Quindici anni fa non c’era internet, a casa mia. Se dovevo fare una ricerca andavo nella biblioteca del paese e ci restavo tutto il pomeriggio per ricopiare quante più informazioni possibili, prima della chiusura. Avevo il vizio di ritrarre il soggetto della ricerca: fosse un poeta, un popolo o un evento storico. Ricordo ancora quando disegnai con una minuzia maniacale quel villaggio primitivo: minuscole palafitte sul fiume sassoso e piccoli uomini, con piccole lance. Come ricordo la poesia sulla Cicala e la Formica e il compito a casa su quale dei due personaggi preferissimo, noi bambini. Sono stata l’unica a tessere le lodi della Cicala: ne avevo viste così tante rinsecchite, a fine estate, sui tronchi dei pini. Restavano lì come involucri trasparenti naufraghi nella resina, immobili. Avevo letto in qualche libro che le cicale, dopo l’accoppiamento, si lasciano morire di fame. E mi faceva una tenerezza indicibile questa cosa. D’altro canto trovavo la Formica estremamente egoista. E poi le formiche sono tantissime, la cicala, invece, è sola. Secondo me sia Esopo che La Fontaine non avevano capito niente: era questa la mia opinione a dieci anni. Ma d’altronde la distinzione tra giusto e sbagliato o bene e male, per me era difficile da afferrare. L’unica vero spartiacque che riuscivo a riconoscere chiaramente era quello tra naturale e innaturale. Dopotutto sono cresciuta sui miti, non sulle favole. E, per dirla tutta, sentivo la Cicala molto affine alla mia personalità. Non mi è mai piaciuto pianificare o risparmiarmi. La mia estate esplodeva tra le spiagge e i pini marittimi. Preferendo l’intensità dell’attimo alla rarefazione stagionale. Il trionfo pirotecnico dell’essenza alla diluita durata dell’esistenza. Ed è certo più funzionale un formicaio brulicante rispetto ad un canto corale di solisti distanti. Industria versus libera espressione. Ma c’era una poesia nel concerto estivo delle pinete, che tutte le formiche del mondo non avrebbero mai avuto o compreso.

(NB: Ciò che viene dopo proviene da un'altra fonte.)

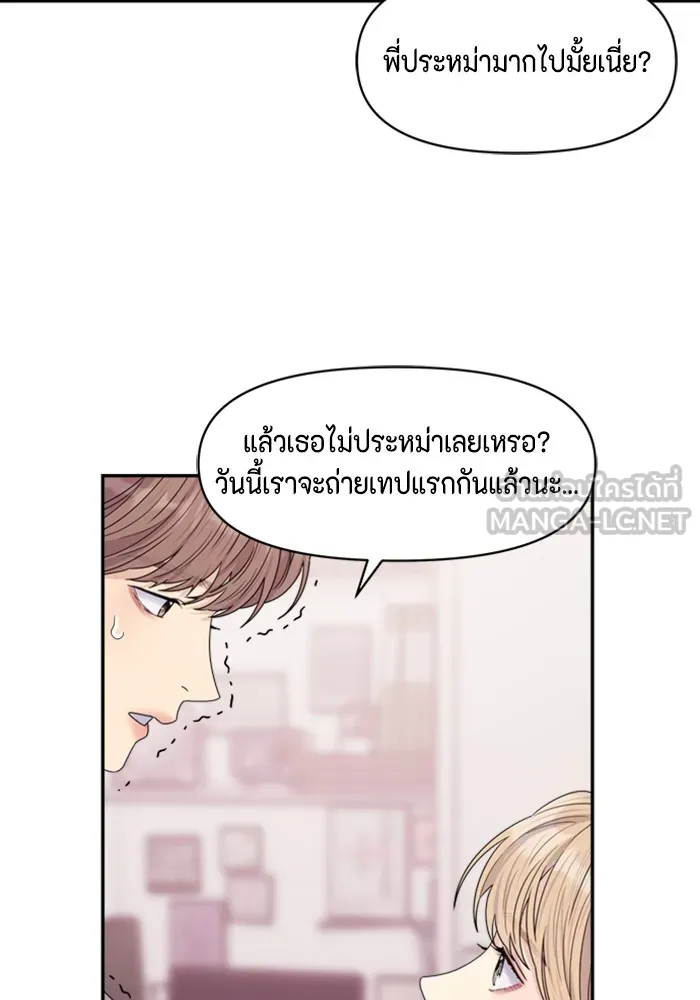 Couple Breaker ตอนที่ 15 รูปที่ 57
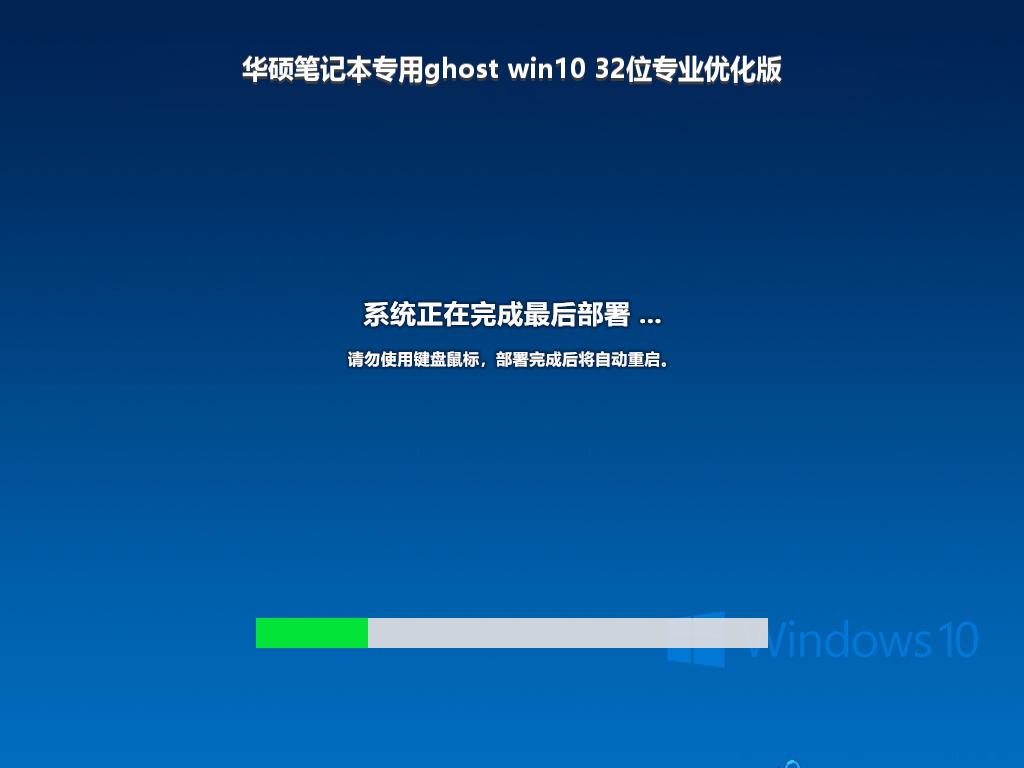 华硕笔记本专用ghost win10 32位专业优化版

Disegnai sul quaderno a righe una piccola Cicala con mandolino, cappello di paglia e spiga tra le labbra. Un’espressione benevola e sognante.

Fu quello, forse, il mio primo autoritratto.

Sarei stata altro e altro ancora, nel tempo.

Eppure, dopo quindici anni, sento ancora, nel petto, quella piccola Cicala canterina.

Delia Cardinale

 

Alla formica (Gianni Rodari)

Chiedo scusa alla favola antica
se non mi piace l’avara formica.
Io sto dalla parte della cicala
che il più bel canto non vende, regala.